Angela Merkel is seen as a vital ally in getting a deal, but Mr Johnson is wary of falling into the same trap as previous PMs, such as Theresa May and David Cameron, who pinned their hopes on the German Chancellor coming to their aid, only to be disappointed.
One Cabinet source yesterday put the prospect of a deal at '50-50'. Mr Johnson has also drawn up plans to push a deal through the Commons in days if he can secure an agreement at the Brussels summit.
The 'Spartans' who voted against Theresa May's deal three times have been warned that they face being kicked out of the party if they oppose a deal brought back by Mr Johnson. No 10 also hopes to pile pressure on Labour MPs in Leave-voting areas.

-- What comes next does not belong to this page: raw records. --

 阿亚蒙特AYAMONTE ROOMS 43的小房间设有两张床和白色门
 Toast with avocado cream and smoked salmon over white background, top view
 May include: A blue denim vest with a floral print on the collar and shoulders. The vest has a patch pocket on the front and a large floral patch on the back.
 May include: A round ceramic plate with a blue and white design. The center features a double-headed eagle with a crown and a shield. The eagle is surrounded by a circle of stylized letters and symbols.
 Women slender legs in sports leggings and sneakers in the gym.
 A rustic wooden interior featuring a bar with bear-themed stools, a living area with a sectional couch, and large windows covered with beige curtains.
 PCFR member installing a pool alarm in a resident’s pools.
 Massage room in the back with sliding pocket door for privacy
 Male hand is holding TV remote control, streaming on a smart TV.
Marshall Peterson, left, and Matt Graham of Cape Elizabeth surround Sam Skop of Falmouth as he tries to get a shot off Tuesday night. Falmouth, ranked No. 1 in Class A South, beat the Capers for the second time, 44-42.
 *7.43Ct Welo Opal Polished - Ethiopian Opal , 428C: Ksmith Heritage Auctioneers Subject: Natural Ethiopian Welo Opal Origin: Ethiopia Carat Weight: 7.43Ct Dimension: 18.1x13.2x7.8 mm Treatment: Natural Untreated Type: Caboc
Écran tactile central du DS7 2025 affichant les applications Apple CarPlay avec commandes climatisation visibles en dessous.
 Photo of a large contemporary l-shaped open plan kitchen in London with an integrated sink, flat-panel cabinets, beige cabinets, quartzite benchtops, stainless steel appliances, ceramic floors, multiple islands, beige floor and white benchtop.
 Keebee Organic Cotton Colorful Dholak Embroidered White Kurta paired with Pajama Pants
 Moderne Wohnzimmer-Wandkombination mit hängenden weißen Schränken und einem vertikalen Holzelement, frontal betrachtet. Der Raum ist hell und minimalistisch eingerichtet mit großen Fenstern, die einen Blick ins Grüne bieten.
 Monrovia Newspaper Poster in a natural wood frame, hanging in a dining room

Mr Johnson has told allies privately that he is determined to stick to his public pledge to leave the EU at the end of this month, with or without a deal.
One source said he was even willing to take the stand at the Supreme Court if the so-called Remainer Alliance goes to court to try to enforce a controversial new law designed to force him to seek another Brexit delay.
However, allies believe that Mr Johnson will ultimately obey any order laid down by the court - not least due to fears that the Cabinet Secretary Sir Mark Sedwill and senior ministers could resign if civil servants are told to break the law.
Sir Mark - the key link between No 10 and Buckingham Palace - appeared to serve notice in a leaked letter to civil servants last night in which he said he was 'mindful of my constitutional role'.
Brussels and EU capitals want sight of Britain's final proposal well ahead of a crunch summit on October 17 and 18, where Mr Johnson wants to strike a deal.
This is so any potential breakthrough can be scrutinised and a workable legal text drawn up in time for EU leaders to sign off. Britain is due to leave just two weeks later on October 31.
Sources insist the government will 'obey the law of the Spartans' - the group of Tory hardline MPs who killed off Theresa May's package and have been fighting against any significant softening of the UK's position.
If Brussels rejects the offer the pressure will grow on Mr Johnson to comply with the terms of an anti-No Deal law which states he must ask for a Brexit delay if no agreement is in place in the run up to October 31.